Thus, the conflicts of Topdog/Underdog are solely individual: internal and external only so far as they are between brothers. For example, Lincoln tries to live a straight, honest life after his friend is shot, but Booth wants to "boost," or steal clothes and things as well as hustle and make fast money:
LINCOLN: One day I was throwing the cards. Next day Lonny died. Somebody shot him. I knew I was next, so I quit. I saved my life.
BOOTH: You was lucky with cards.
LINCOLN: Lucky? Ain't nothing lucky about thuh cards...Cards is work...

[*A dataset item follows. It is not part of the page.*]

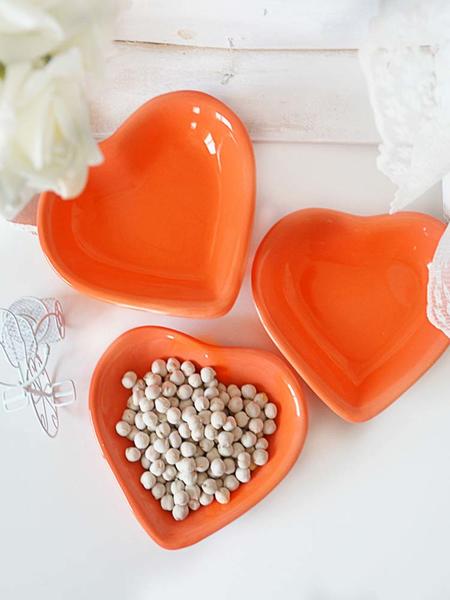Bol à Snack / Sauce Coeur Orange 14 Cm 6 Pièces | Keramika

I don't wanna lose my job.
In addition, the fact that these roles of the "emancipator" and the "assassin" are given to blacks rather than whites works upon the dynamics of inevitability or, at least chance. That there is a certain inevitability suggested by the brothers' names is true; nevertheless, Lincoln and Booth are afforded the chance to change the hand of fate. Thus, Faivre concludes.
...that the black Booth kills the black Lincoln in the end is explained through the logic that blacks have no one to blame but themselves for black on black violence...
In the end, therefore, Booth, like Cain, is individually responsible for his act of murder against his brother. His final realization that his act is solely upon him is expressed by the final line of the play: "AAAAAAAAAAAAAAAAAAAAAAH!"